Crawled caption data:
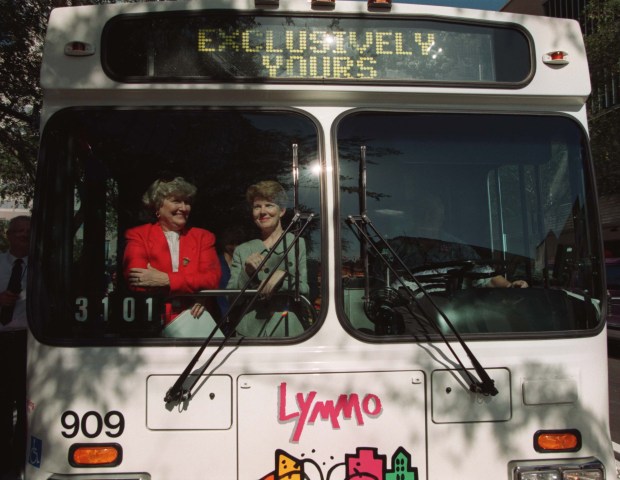 Orange County Chairman Linda Chapin and Orlando Mayor Glenda Hood hop on a bus during the first day of downtown Orlando's new shuttle service Lymmo in August 1997. (Orlando Sentinel file)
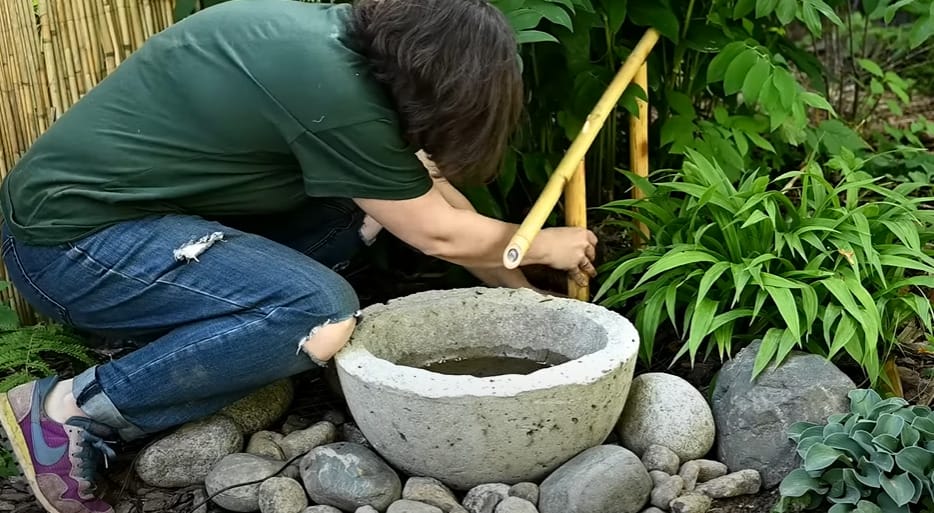 A woman putting a bamboo water pipe in a concrete bowl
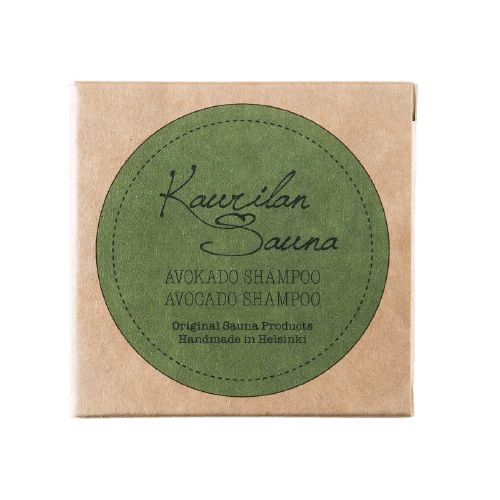 Kaurilan Sauna Palashampoo Avokado; ruskea pakkaus suurella pyöreällä vihreällä etiketillä tekstillä "Kaurilan Sauna Avokado Shampoo, alkuperäiset saunatuotteet, käsintehty Helsingissä", korostaen avokadon ravitsevia hyötyjä; pakkaus suorakulmainen mattapintaisena, teksti valkoisella groteski- ja kaunokirjoituskirjasimella; vaalea tausta, ei ihmisiä tai käsiä kuvassa.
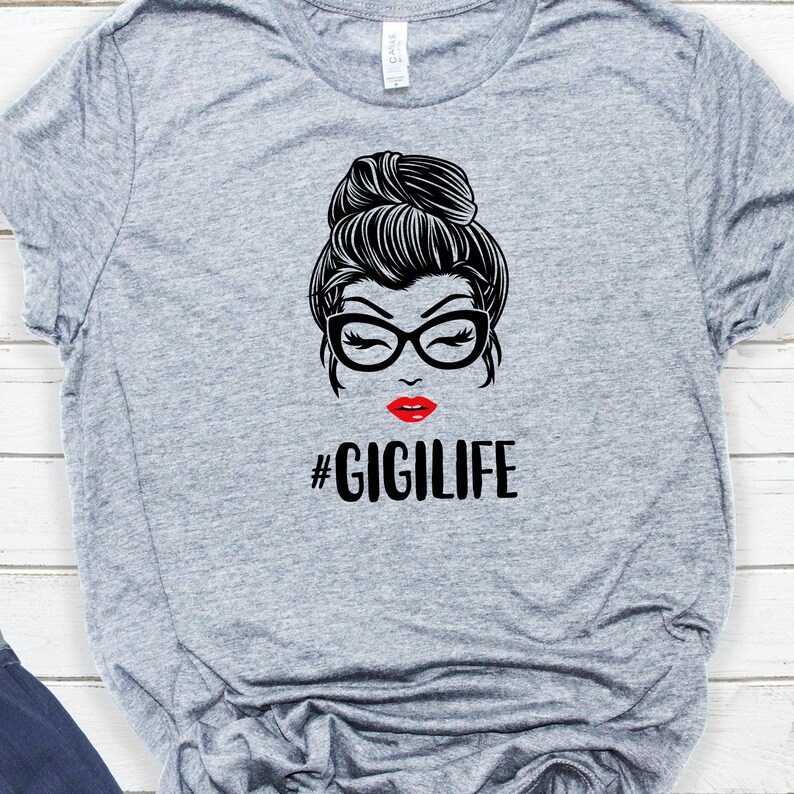 May include: Gray t-shirt with a black and white illustration of a woman with a bun, glasses, and red lips. The text "#GIGILIFE" is printed below the illustration.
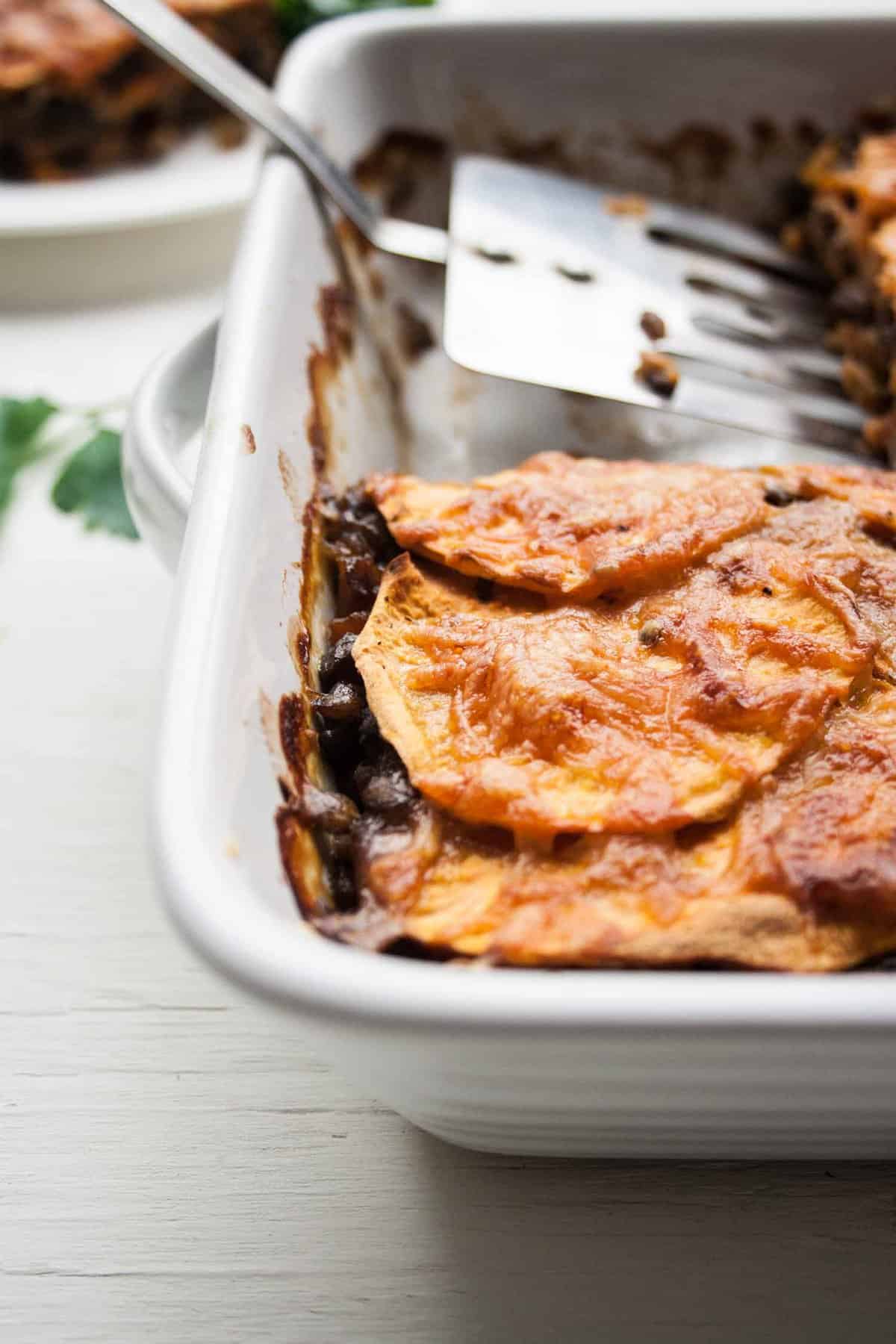 A close up of a lentil sweet potato lasagne with a spatula behind.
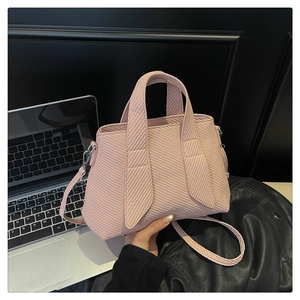 Close-up of light pink tote bag with diagonal striped texture and silver hardware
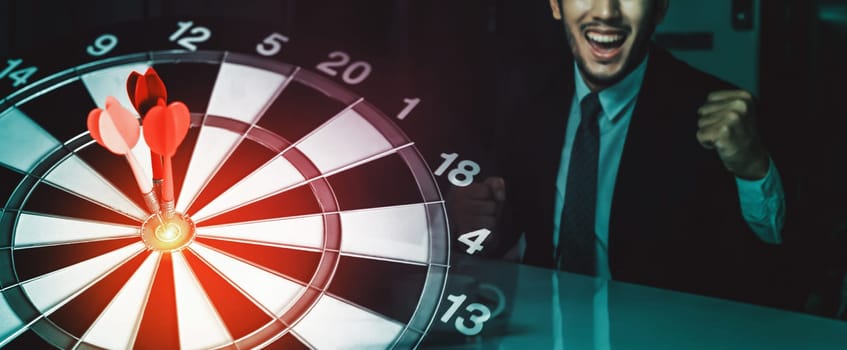 Business Target Goal For Success Strategy Concept - Red dart arrow hitting center goal on dart board with business people working in background showing precision and success of business target. uds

• [How to complete this task] Take the data above and set it down exactly, images excluded.

• [Output for this task]
 Orange County Chairman Linda Chapin and Orlando Mayor Glenda Hood hop on a bus during the first day of downtown Orlando's new shuttle service Lymmo in August 1997. (Orlando Sentinel file)
 A woman putting a bamboo water pipe in a concrete bowl
 Kaurilan Sauna Palashampoo Avokado; ruskea pakkaus suurella pyöreällä vihreällä etiketillä tekstillä "Kaurilan Sauna Avokado Shampoo, alkuperäiset saunatuotteet, käsintehty Helsingissä", korostaen avokadon ravitsevia hyötyjä; pakkaus suorakulmainen mattapintaisena, teksti valkoisella groteski- ja kaunokirjoituskirjasimella; vaalea tausta, ei ihmisiä tai käsiä kuvassa.
 May include: Gray t-shirt with a black and white illustration of a woman with a bun, glasses, and red lips. The text "#GIGILIFE" is printed below the illustration.
 A close up of a lentil sweet potato lasagne with a spatula behind.
 Close-up of light pink tote bag with diagonal striped texture and silver hardware
 Business Target Goal For Success Strategy Concept - Red dart arrow hitting center goal on dart board with business people working in background showing precision and success of business target. uds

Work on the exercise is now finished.